His silver-gilt shrine is still the chief treasure of the noble cathedral that rose between Trinity Church and St. Eric's Spring when the archbishopric was moved from the old Upsala to the new. This great church would dominate a much larger town, for its twin spires rise but little short of four hundred feet. It was designed by one of the builders of Notre Dame, Etienne de Bonneuil, who by a document written in Paris on September 8, 1287, was appointed master builder of Sweden's new metropolitan church. By students from Scandinavia at the French capital the cathedral rising by the Seine was so much admired that they got it arranged that a "tailleur de pierre" from its works should reproduce its glories among the forests of the North. It is thus no surprise to find the plan of Upsala Cathedral reproducing that of Notre Dame, though much simplified and on a scale considerably reduced.[109] The superficial resemblance is by no means close, for the materials available were only brick with stone for necessary detail work, which had to be sparingly used.
The great rose windows, west and north, the clustered piers and moulded arches, the plainly ribbed vaulting and indeed the general effect of the interior remind one of the fairest contemporary churches of France, but the blind storey (or triforium), pierced only by meaningless little circles, does nothing to recall the beautiful arcades that open to the galleries of Notre Dame, while the plain pinnacles and flying buttresses without are destitute of any substitutes for the world-famed devils that look down on the Paris streets.

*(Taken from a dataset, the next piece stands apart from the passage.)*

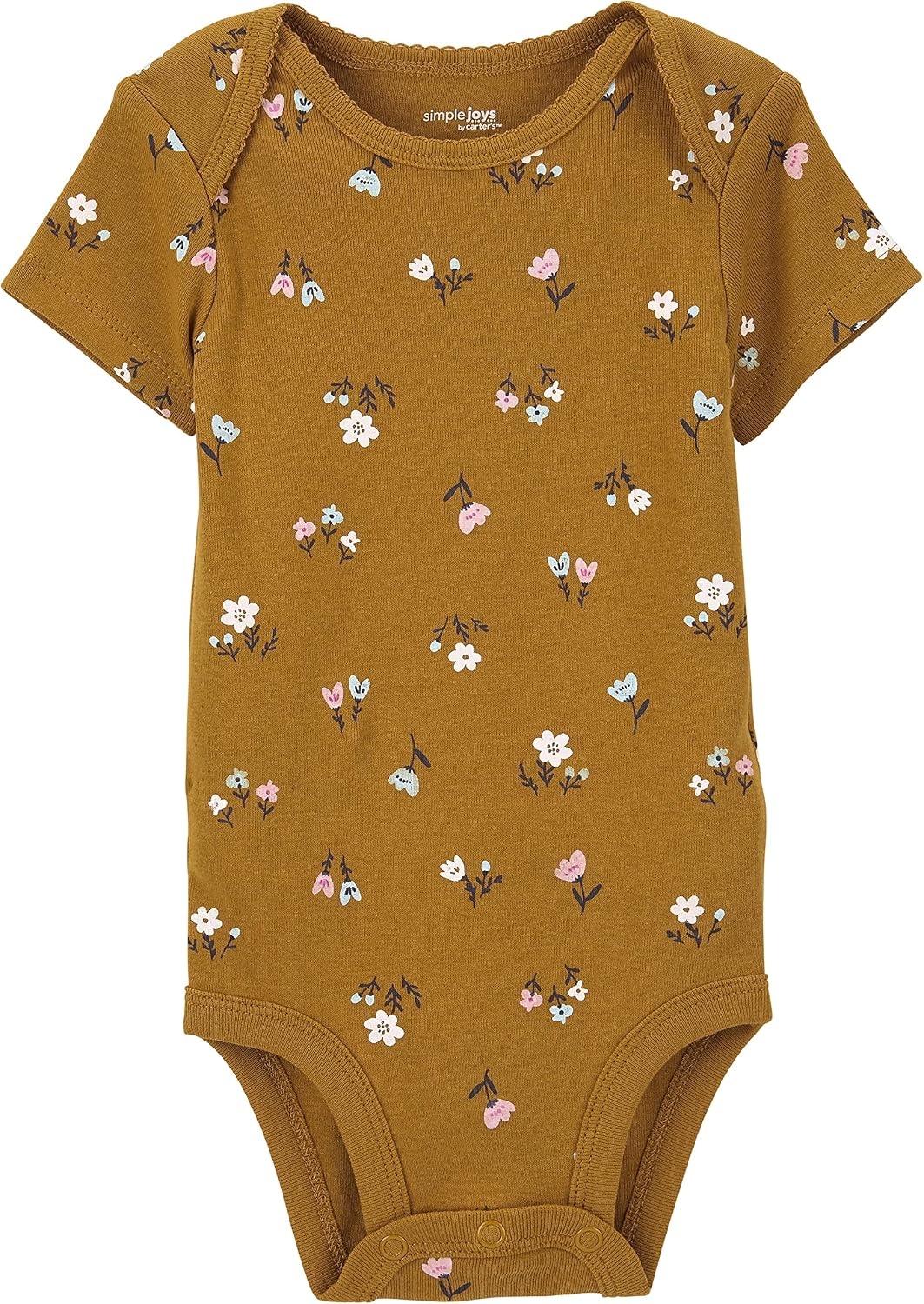 image:imageSimple Joys by Carters Baby Girls 6 Pack Short Sleeve BodysuitMulticolorFloralForest AnimalsOwlSheep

The oldest monument is a brass memorial to Birger Persson, who was president of the Royal Commission which codified the laws of Upland in 1296. One of the children figured afterwards became the illustrious St. Birgitta, or Brita, who, after the death of her husband Ulf, visited Jerusalem, received revelations, founded an order for monks and nuns, and took a prominent part in Church affairs at Rome, trying to get the pope back from Avignon. Her revelations, or some of them, have been printed, but, if one may judge by the samples read by Bishop Wordsworth,[110] they are somewhat sorry stuff, not superior to the sermons of an average curate and not to be compared with the revelations of St. Julian of Norwich.
The rules of her order were revealed to her (so she firmly believed) by Christ, and approved by the pope. There was a house in England (the priory of Syon), while the principal convent of the Order of the Holy Saviour, as it was called, stood on Lake Vettern at Vadstena; its buildings to-day form a refuge for the mad. In the church the relics of the foundress are still reverently preserved, for Charles XII. refused to sell them to the pope. "First and foremost," he remarked, "no one can say for certain if they be her bones or not; secondly, in no wise would I be a party to the encouragement of idle superstition; and thirdly I am not a dealer in old bones."
In 1590 papal envoys had purchased the relics of another Swedish saint named David, who hung his gloves on sunbeams, and the church at Munketorp was built with the price they paid; but the priest who effected the sale boasted at a synod that he had only given up the first skeleton that he found in the vaults of the church.
St. Brita has taken a strong hold on popular imagination in Sweden and figures largely in the folklore of the land. Her peculiar sanctity it is said enabled her to see the devil, until one day she failed to control her laughter when in church she saw him bump his head against a pillar. He was trying to stretch a goat's skin with his teeth, for as it was the vellum was far too small to hold the names of those that he noticed nodding as the sermon wore. The local colour of this tale seems distinctly later than the fourteenth century, when St. Brita was alive.
In the Lady Chapel of the cathedral is a fine monument to Gustaf Vasa with effigies in English alabaster of the king and two wives. The walls are painted with some of the events of his adventurous life.[111]
Restored to his birth-land in 1908 and deposited in this cathedral after original burial in England during 1772, are the bones of one of the strangest characters that Sweden ever produced, Emanuel Swedenborg. Son of a distinguished bishop, he early made a name as a scientist and his achievements were of no mean kind. He anticipated modern knowledge as to the planets of the solar system flying off from the mass of the sun and developing their own orbits and rotations. In England he knew Newton, Halley and Flamsteed, and on the Continent also he met the chief men of science of his day. Great practical assistance in the engineering line he was able to afford to Charles XII., including help in the construction of docks at Karlskrona (p. [164]), and the transport of ships overland in the war against Norway in 1718. During the latter part of his life Swedenborg had visions and founded in London the Society of the New Church signified by the New Jerusalem, his ideas being much influenced by Gnosticism. How far he was qualified as a religious teacher is of course a matter of opinion. Emerson says that he is "disagreeably wise, and with all his accumulated gifts paralyses and repels."
Few spots of Europe surpass in interest these simple and unornamented monuments of all the ages of the northern world: earth mounds told of in saga story, cathedral carrying the loveliest style of central Europe to the far North, castle where kings dwelt of old, university that has influenced the thought of all mankind. Though the capital is moved to the outlet of the lake, where there rises a yet fairer town, this plain is the true centre of Swedish story from earliest to latest days.